В театре у меня было много ролей. У Марка Анатольевича я снялся в «Том самом Мюнхгаузене» и «Обыкновенном чуде». Все вроде бы складывалось замечательно, если бы не мой характер - он резко изменился, причем не в лучшую сторону: я стал диковат, безумно агрессивен, редкая неделя для меня не заканчивалась дракой. Должно быть, так повлияло на нервную систему пребывание в зоне.
В «Ленкоме» я быстро сошелся с Сашей Абдуловым и Олегом Янковским. Позже к нашей тройке на съемках «Мюнхгаузена» присоединился и Леня Ярмольник. Тогда мне казалось, что это была настоящая мушкетерская дружба, которую цементировали и украшали любимая совместная работа, веселые застолья и прочие мужские подвиги. Жили и дружили весело, с шутками и розыгрышами. Красивый, шухарной, любвеобильный, с прекрасным чувством самоиронии Олег Иванович Янковский, впоследствии народный артист Советского Союза, причем по иронии судьбы последний, уже тогда был знаменитым артистом, хотя пока и без регалий. Он не стеснялся раздеться при всей честной компании и, оставшись в одних трусах, смешно выворачивал и без того не идеально прямые ноги и с комическим недоумением заявлял: «Господи, и всему этому поклоняется каждая вторая женщина страны...»
На съемки часто приезжал автор сценариев всеобщий любимец Г риша Г орин. Он был самым «зажиточным» из нас и любил затащить актерскую братию в кафе, чтобы накормить до отвала потрясающими пирожными. Марк Анатольевич и все мы долго уговаривали его сняться в одном из захаровско-горинских фильмов, дабы увековечить себя для потомства. В конце концов Г риша дал себя уломать и снялся в роли придворного в крошечном эпизоде «Обыкновенного чуда».
Из того золотого времени больше всего почему-то запомнились какие-то самые нелепые истории.
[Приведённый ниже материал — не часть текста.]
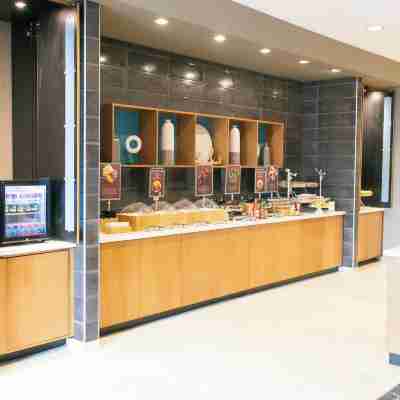 SpringHill Suites South Bend Notre Dame Area Dining/Meeting Rooms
В такие частенько попадал Саня Абдулов. Однажды на съемках «Мюнхгаузена» в Германии он поспорил со здоровенным немецким каскадером, у кого сильнее руки. Саша настаивал на том, что он мастер спорта по фехтованию и поэтому-де крепче хватки, чем у него, просто не бывает. Самое интересное, что сам он верил в это. В конце концов каскадер предложил помериться силой. Когда они сцепили руки, немец успел честно предупредить: «Вам будет ошень болно! У меня силный палец». Саня залихватски ответил: «Да уж не сильнее, чем у меня. Поехали!» Через секунду раздался хруст. Абдулов, сморщившись от боли, процедил сквозь зубы: «У-у-у, фашист!» На этом он не успокоился и объявил, что настоящие звезды экрана не прибегают к услугам каскадеров, поэтому сцену прыжка с крепостной стены он сыграет сам. Мы долго его отговаривали: «Саня, не делай этого. Или хоть место проверь.» Но он продолжал напирать на то, что он мастер спорта. И что ему, мастеру, прыгнуть с каких-то трех метров - раз плюнуть. И плюнул, то есть прыгнул - аккурат на подвернувшийся небольшой камушек. Снова мы услышали хруст - закрытый перелом лодыжки. А ему как раз надо было срочно лететь в Москву на спектакль, посвященный обороне Брестской крепости. Впрочем, думаю, он выкрутился: защитник крепости вполне мог и хромать.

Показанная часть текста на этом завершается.